What actions do we look for to answer some of these questions? This clip shows two children at slightly different levels of treating a book as more than a physical object. The young girl finds the side of the book that allows her to pry it open. She does not try to pry it open from the spine. Notice how she lifts the open book toward her face and utters a sound (00:09). Is this sound an imitation of what she has seen others do, or is she expressing her recognition of a picture? Her line of gaze seems to be directed more at the blue on the page of print. As she continues to open pages she takes less and less time to process what is printed on the pages. As she switches to a second book we credit her again with knowing how to search for the side that opens. But instead of studying the pictures on the page, she tries to lift an edge with her thumb (00:26). She works to turn the pages and even over-applies this goal when she gets to the picture glued to the front of the book (00:52). When this picture resists folding over she reverses her strategy and folds the adjacent page toward the front (01:00). We can credit her with knowing how a book works as a physical object, but we have little reason to conclude that she is thinking that a book carries information. The teacher captions the picture, “a duck.” This labeling of the pictures will eventually help the child treat books as a source of information.

The young boy’s actions are rather different. He opens a new page, pauses, and looks at the pictures for a few seconds. Notice that at 02:16, when he sees the picture of a gorilla, he recognizes that the same picture appears on the cover.
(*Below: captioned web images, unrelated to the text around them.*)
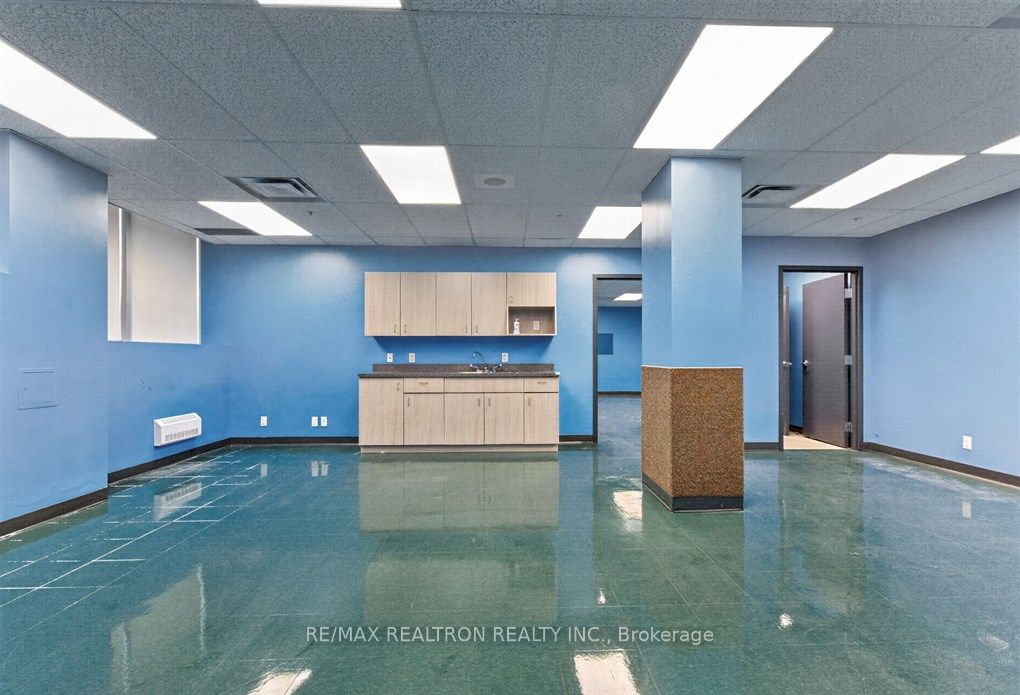 685 Sheppard Avenue E G01 - G07 Property Photo 8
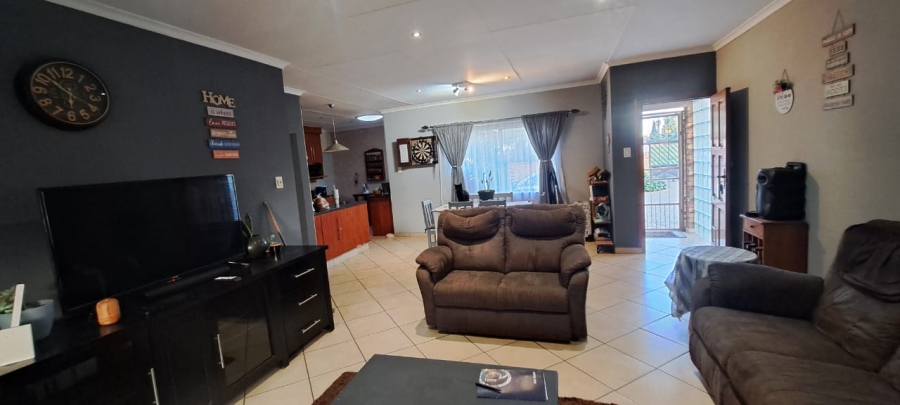 2 Bedroom Property for Sale in New Era Gauteng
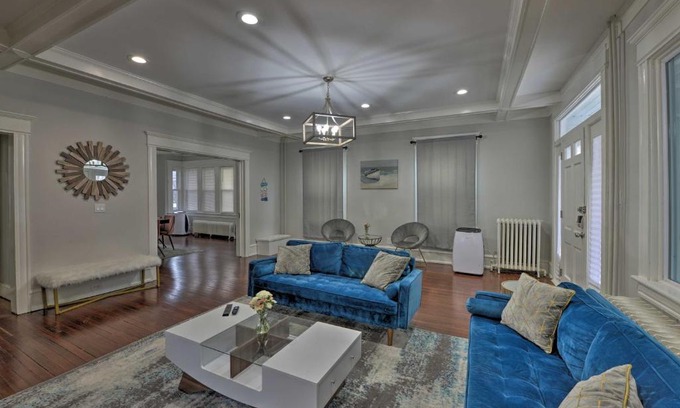 Atlantic City House | Beautifully Renovated Beach House with Fenced Patio!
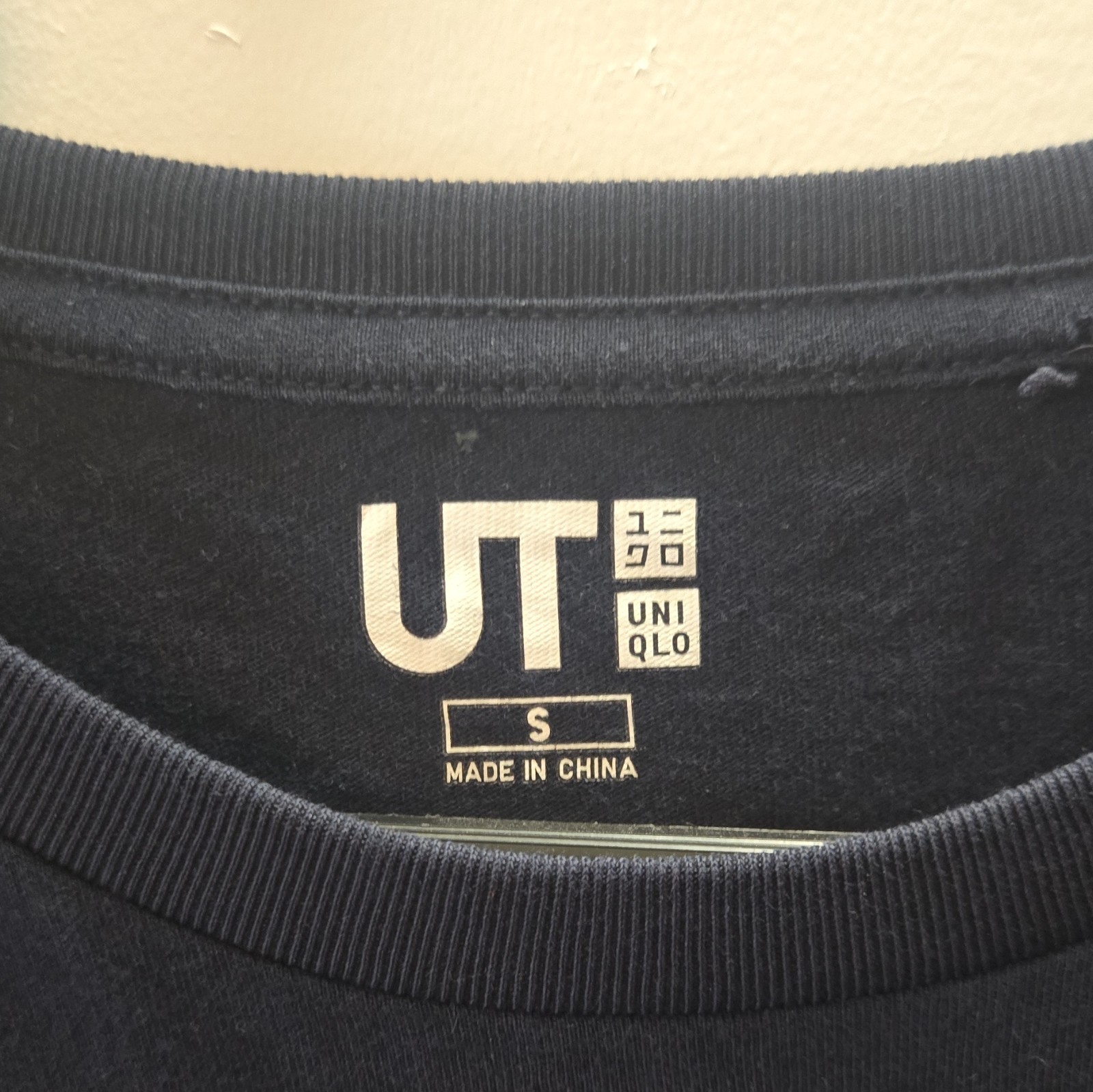 Uniqlo UT Men’s Black Graphic Pocket Logo Crew Neck T-Shirt Short Sleeve S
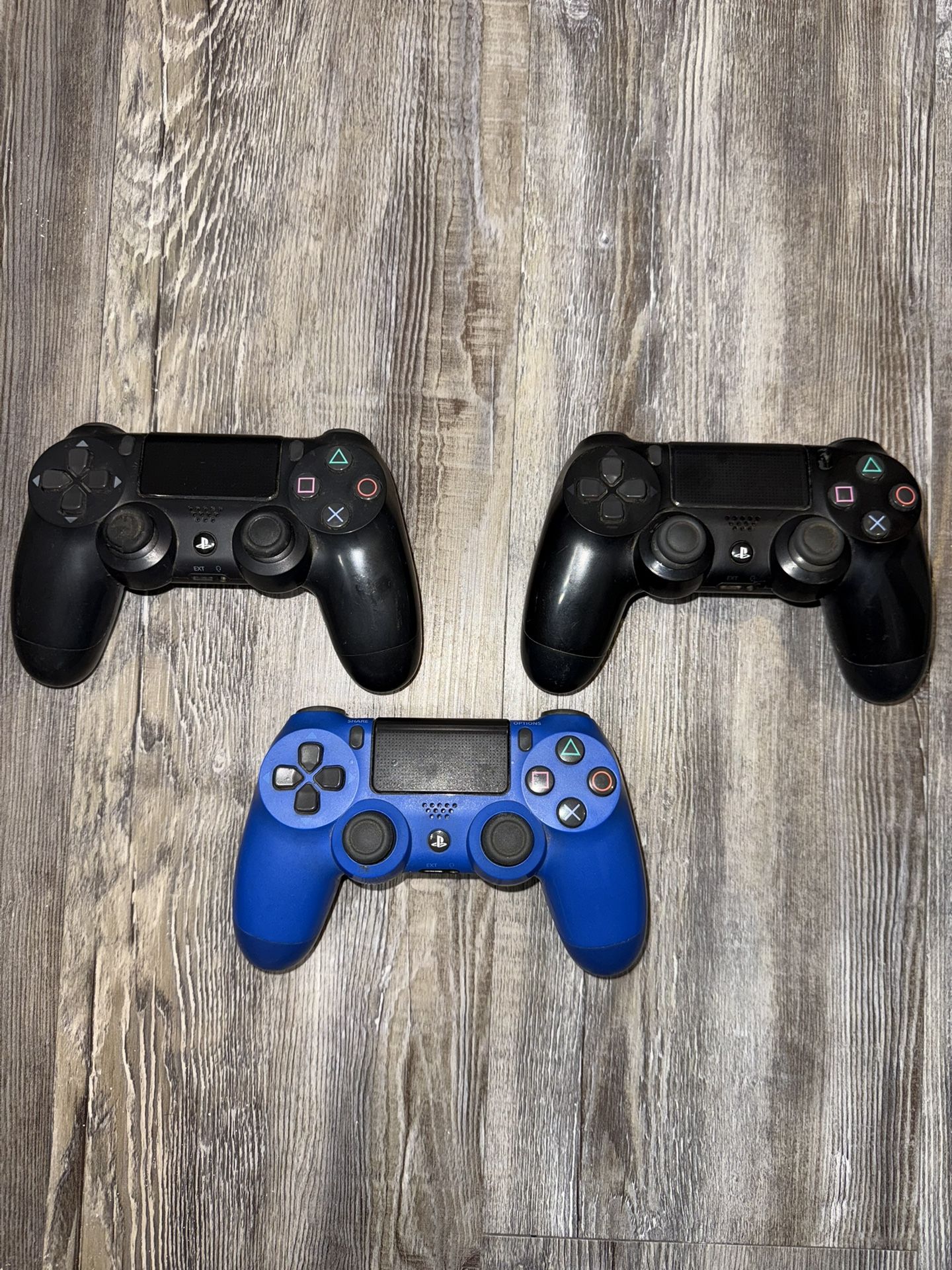 PlayStation PS4 Controllers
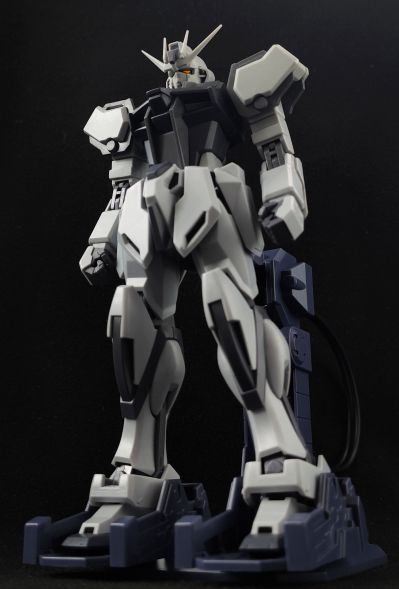 ROBOT魂＜机动战士系列＞  机动战士高达SEED GAT-X105 强袭高达 装甲未启动模式 剧中版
He flips the pages to reveal the cover, confirming his observation. He leaves his thumb in the place he left, perhaps as a way to more easily return to the interior page containing the gorilla’s picture.

He makes some vocalizations that are punctuated to match the full opening of a new page, as if he knows that this is what you do to introduce new information on a new page. He goes both forward and backward through the book, so he probably does not know that pages are turned from right to left for a reason. Each new page has something new to see and study, but he does not value the sequence. When he finishes turning all the pages from back to front, he goes back the other way. But he does not try to turn just one page at a time(03:14) as he did when he went from back to front. Perhaps he simply does not want to miss viewing any of the pictures. It is unlikely that he knows that a story has a sequence.

The early strategies described above are more than imitations to be forgotten as the child learns to read. They are components of the conventions that make books work: searching for the edge that is not hinged; turning one page at a time; turning from front to back only; pausing to scan the visual patterns on the page; treating the cover as a clue for the contents, and eventually using the sequence of the pages as relevant to the meaning of the presentation.